Pada tahun 2004, sebuah studi kolaboratif internasional di empat benua memperkirakan bahwa 10 persen spesies akan punah pada tahun 2050 karena pemanasan global. "Kita perlu membatasi perubahan iklim atau kita akan berada dalam kesulitan bersama banyak spesies lain, mungkin punah," kata Dr. Lee Hannah, salah satu penulis makalah dan kepala ahli biologi perubahan iklim di Pusat Ilmu Pengetahuan Keanekaragaman Hayati Terapan di Konservasi Internasional.

Sebuah penelitian pada 2015 memperkirakan bahwa hingga 35% karnivora dan ungulata terestrial dunia akan menghadapi risiko kepunahan yang lebih tinggi pada tahun 2050 akibat efek perubahan iklim ditambah penggunaan lahan yang diprediksi dengan skenario laju pembangunan manusia masa kini.

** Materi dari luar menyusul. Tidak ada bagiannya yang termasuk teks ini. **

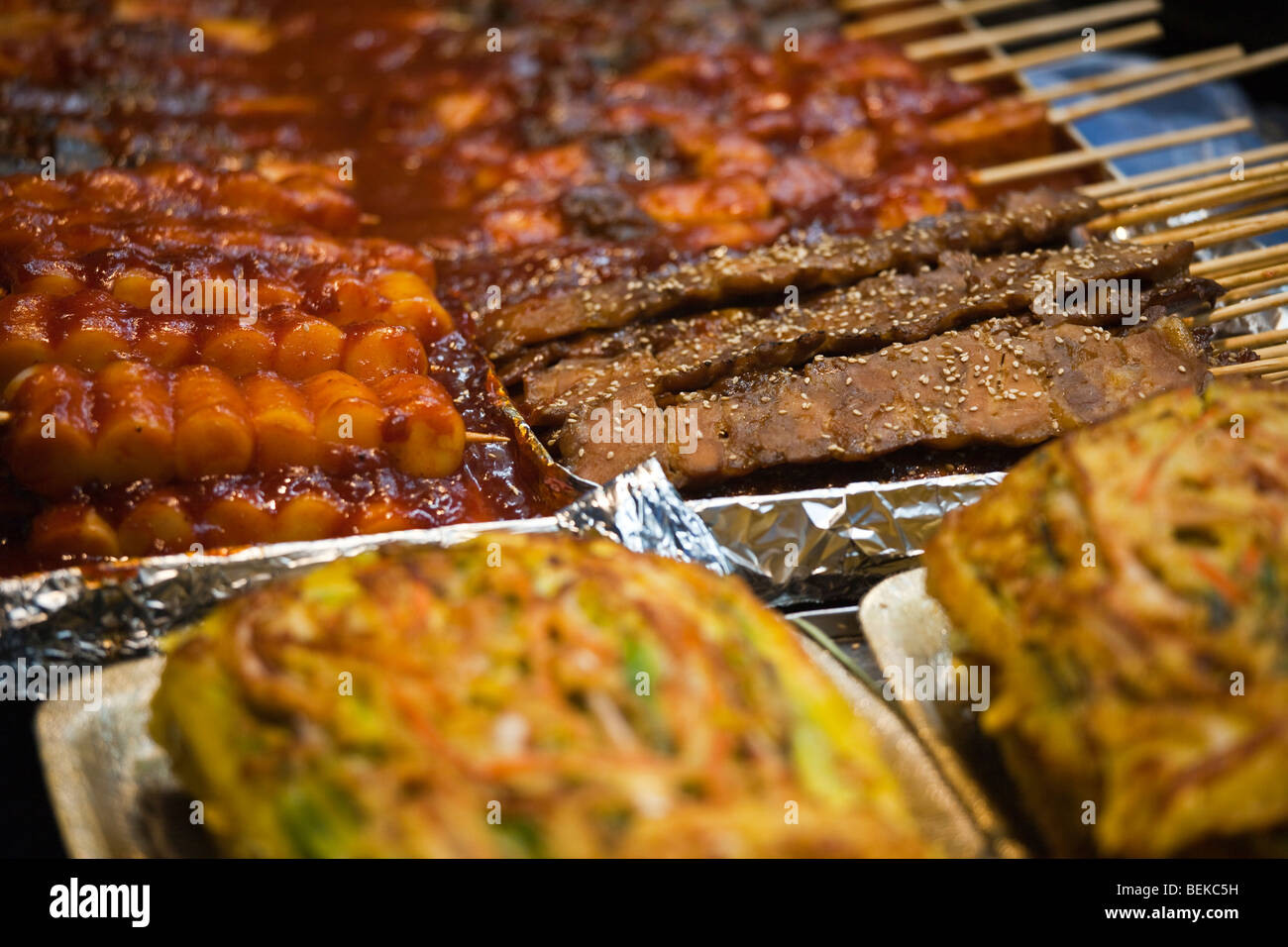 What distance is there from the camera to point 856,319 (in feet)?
14.7

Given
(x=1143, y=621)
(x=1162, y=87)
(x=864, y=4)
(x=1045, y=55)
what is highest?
(x=864, y=4)

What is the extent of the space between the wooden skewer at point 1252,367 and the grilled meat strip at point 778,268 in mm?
1147

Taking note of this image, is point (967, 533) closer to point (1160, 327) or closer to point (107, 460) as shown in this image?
point (1160, 327)

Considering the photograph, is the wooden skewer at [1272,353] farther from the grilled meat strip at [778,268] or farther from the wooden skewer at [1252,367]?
the grilled meat strip at [778,268]

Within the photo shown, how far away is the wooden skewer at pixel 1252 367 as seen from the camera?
13.7ft

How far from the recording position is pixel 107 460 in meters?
3.51

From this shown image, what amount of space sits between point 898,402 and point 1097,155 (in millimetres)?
2785

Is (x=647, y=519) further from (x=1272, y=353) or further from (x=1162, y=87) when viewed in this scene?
(x=1162, y=87)

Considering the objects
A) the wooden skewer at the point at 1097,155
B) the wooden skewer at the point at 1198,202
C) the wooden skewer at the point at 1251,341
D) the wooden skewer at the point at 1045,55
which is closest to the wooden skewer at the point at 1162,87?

Perubahan iklim telah mengubah waktu ketika kelelawar ekor bebas Brasil (Tadarida brasiliensis) muncul untuk mencari makan menjadi senja hari. Perubahan ini diyakini terkait dengan pengeringan daerah akibat kenaikan suhu. Kemunculan yang lebih awal ini membuat kelelawar menjadi pemangsa yang lebih besar dan meningkatkan persaingan dengan serangga lain yang mencari makan pada waktu senja atau siang hari.

  • Overpopulasi manusia

Populasi dunia berjumlah hampir 7,6 miliar pada pertengahan 2017 (kira-kira satu miliar lebih banyak dibandingkan tahun 2005) dan diperkirakan akan mencapai 11,1 miliar pada tahun 2100. Sir David King, mantan kepala penasihat ilmiah untuk pemerintah Inggris, mengatakan pada parlemen: "Sudah jelas bahwa pertumbuhan populasi manusia secara besar-besaran selama abad ke-20 berdampak lebih besar pada keanekaragaman hayati dibandingkan faktor tunggal lainnya." Paling tidak sampai pertengahan abad ke-21, hilangnya keanekaragaman hayati murni di seluruh dunia mungkin akan sangat bergantung pada tingkat kelahiran manusia di seluruh dunia. Ahli biologi seperti Paul R. Ehrlich dan Stuart Pimm mencatat bahwa pertumbuhan populasi manusia dan konsumsi berlebihan adalah pendorong utama kepunahan spesies.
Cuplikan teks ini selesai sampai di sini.